Zack (Alan Hawco) and Abby (Christine Horne), a young couple that has left the United States to live in Paris, are on the verge of spending Christmas away from their families. When Abby finds Zack home in the afternoon, instead of at his job contributing to AIDS research, the foundation of the couple's relationship starts to crumble.

From the very first moment, Herzog drops her characters into situations of discovery. The search for, and uncovering of, new information drives the action forward and motivates the characters' erratic behaviour. The dialogue is crisp, full of suspect, and is laden with a history of conflict. The playwright layers on all manner of mental illness and deception in the build to a formidable climax. The consequence is that there's almost too much trauma to process here.

Byrne does a fine job giving colour to the fights and, more importantly, masters the silent stage actions that reveal each character's dark inner thoughts. One area that could have made the drama more complex was in finding a true tenderness, amidst the nicknames and body contact, that could have provided even more contrast to the severity of their division. Without it, both characters lack likable qualities.

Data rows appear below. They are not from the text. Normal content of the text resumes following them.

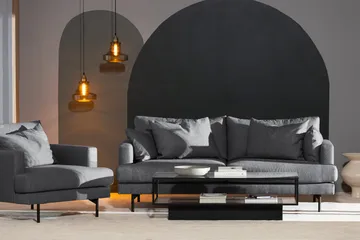 Menard 3-seters Dyp Stoffsofa - Mørk grå - Møbler - Sofaer - 3 seter sofa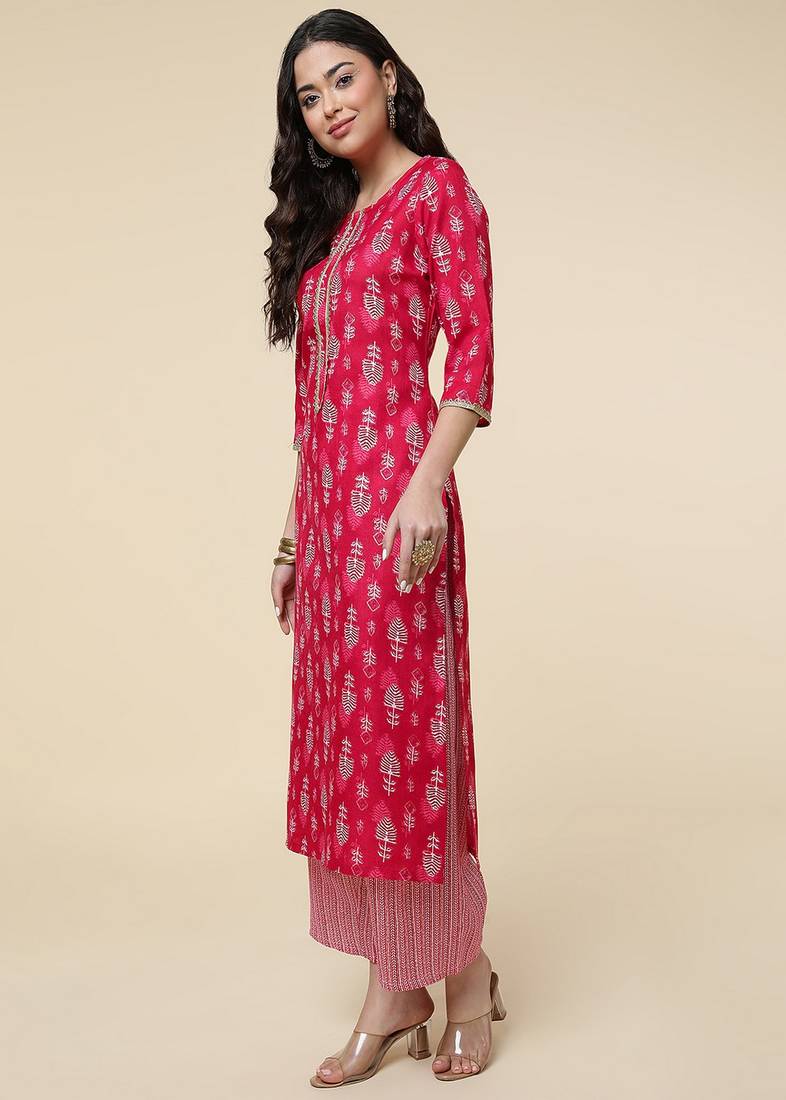 Clemira Green Color Embroidered Women'S Kurta Palazzo Set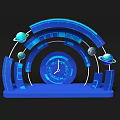 Futuristic Blue Tech Arc Structure With Clock And Planets Photo Spot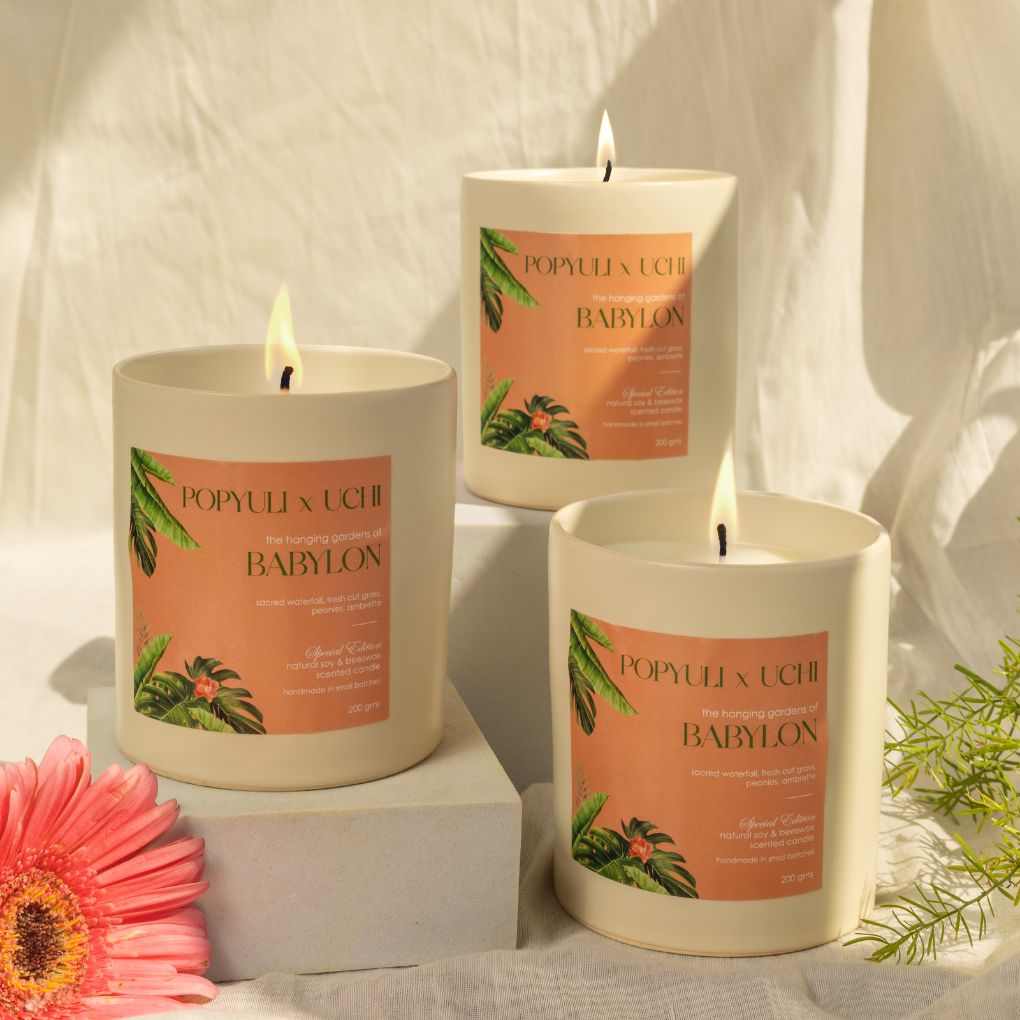 The Hanging Gardens of Babylon Candle in Ivory Ceramic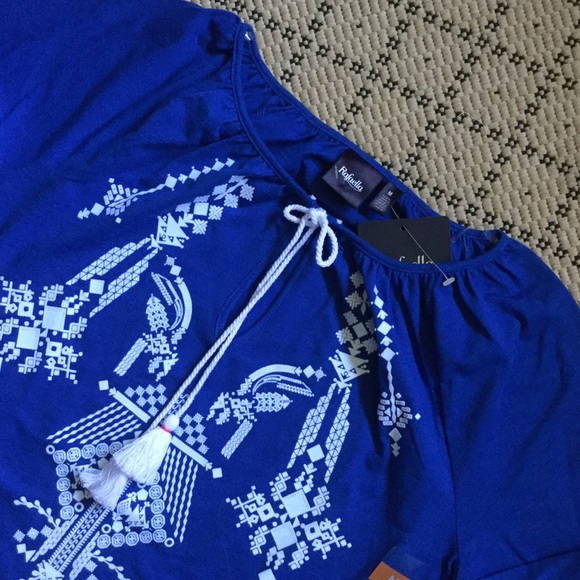 🆕 Rafaella Bright Blue Boho Peasant Top🦋🌼🌸 - Picture 2 of 3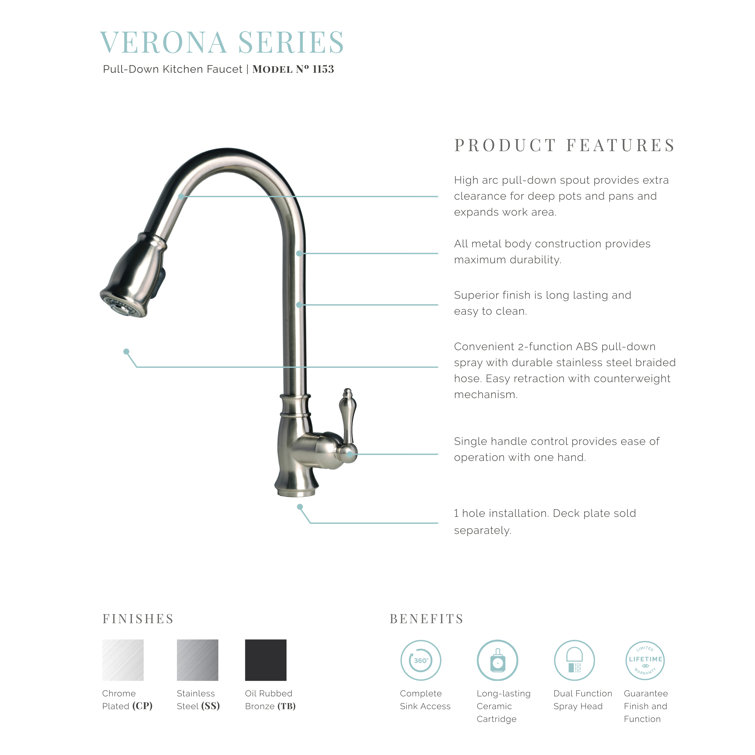 Oil Rubbed Bronze Single Handle Pull Down Kitchen Faucet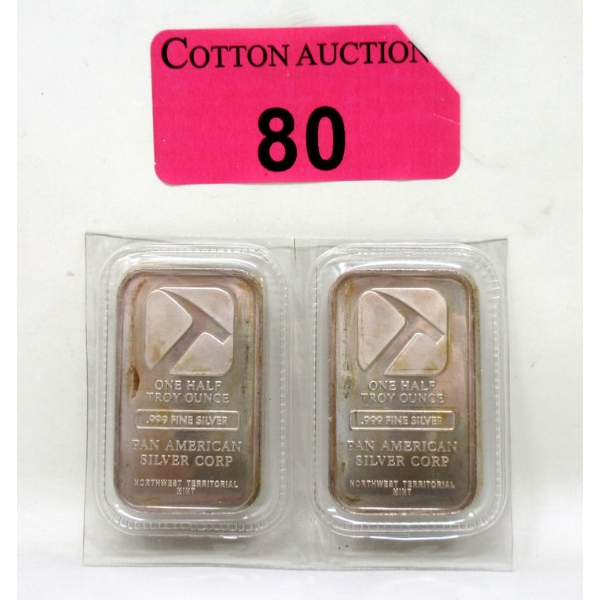 2 x 1/2 Oz .999 Silver Pan American Bars 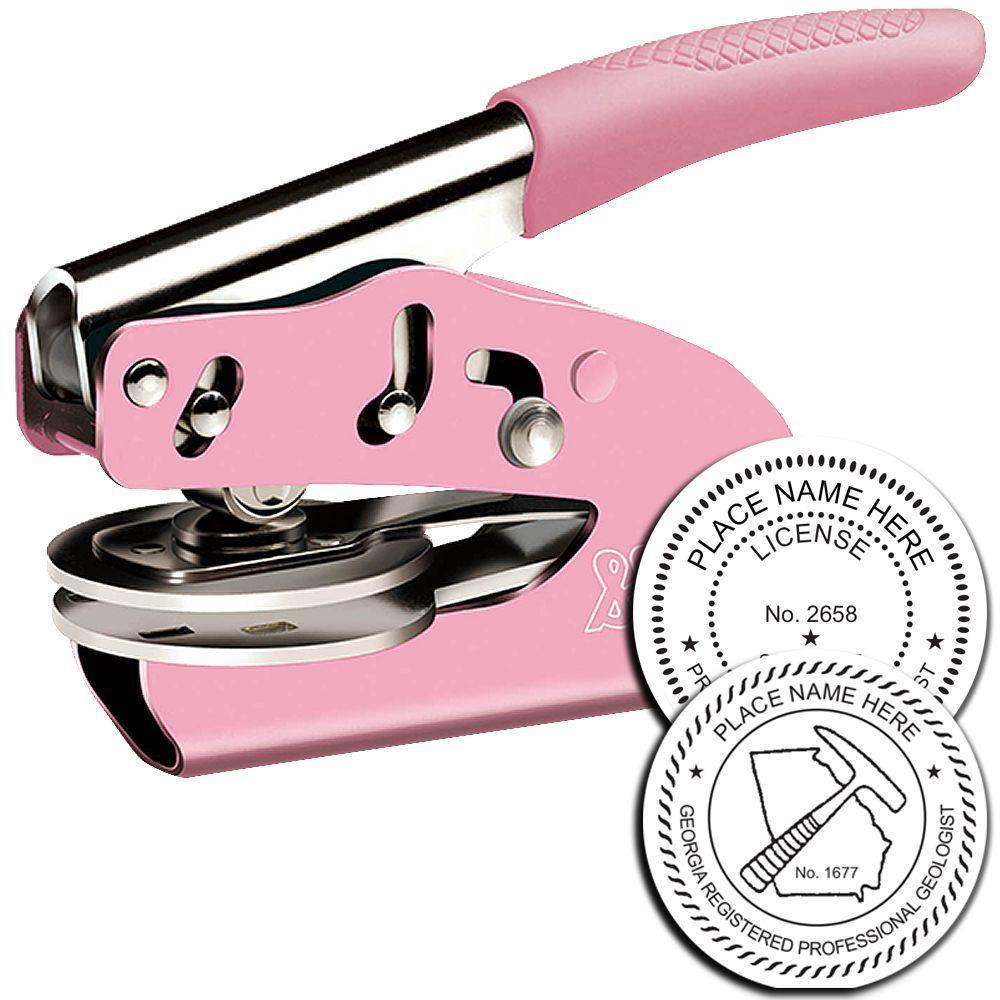 Geologist Pink Seal Handheld Embosser with a pink handle and metal components, shown with two sample embossed seals.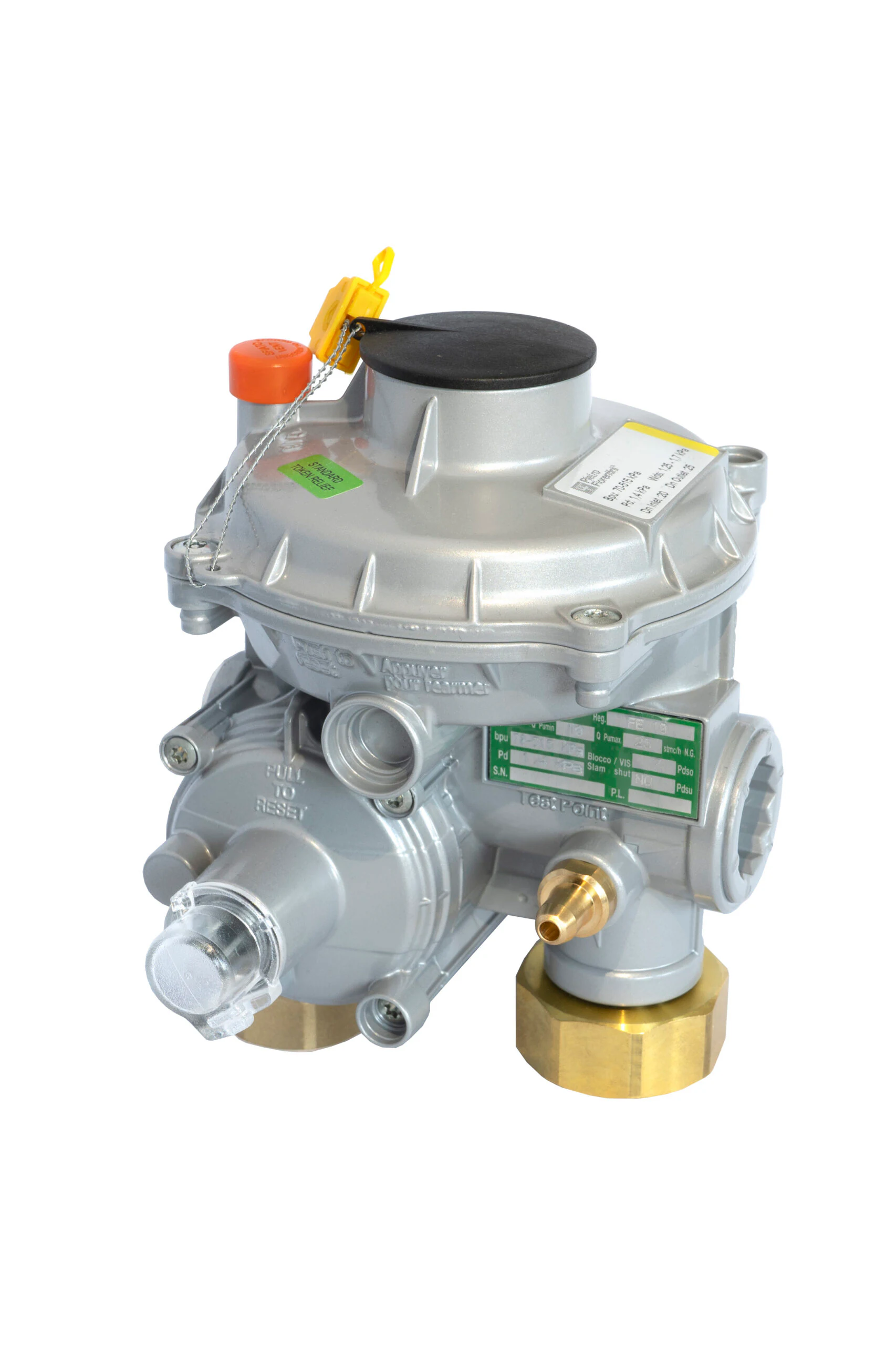 FE515 two-stage low pressure gas regulator with integrated OPSO slam shut, natural gas or LPG, by Pietro Fiorentini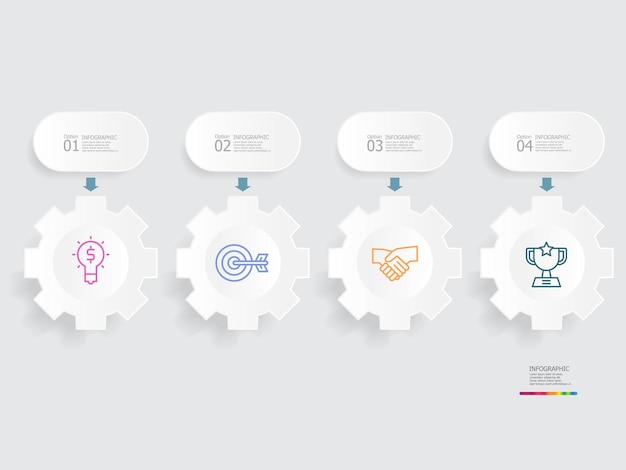 horizontal cog gear wheel steps timeline infographic element report background with business line icon 4 steps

Horne is a powerful force. She weaves in and out of Abby's vengeful passion and retreats to a far more complex headspace in moments of defeat and fear. Hawco, of Republic of Doyle fame, exploits the contradictions of his character to maximum effect. His portrait of delayed adulthood, on one hand charming and on the other maddening, hits the right note. Meanwhile, Alioune (Dalmar Abuzeid) and Amina (Marsha Regis), a Senegalese couple, are a fine foil to the married Americans featured in the drama.

Your reaction to Belleville might not be what you expect -- a lack of empathy, perhaps, or a complex response to the conclusion. What's important is not how you feel, but that the drama has inspired such a reaction in the first place.

Belleville, written by Amy Herzog and directed by Jason Byrne, runs at the Berkeley Street Theatre until May 4.

Photo courtesy Canadian Stage.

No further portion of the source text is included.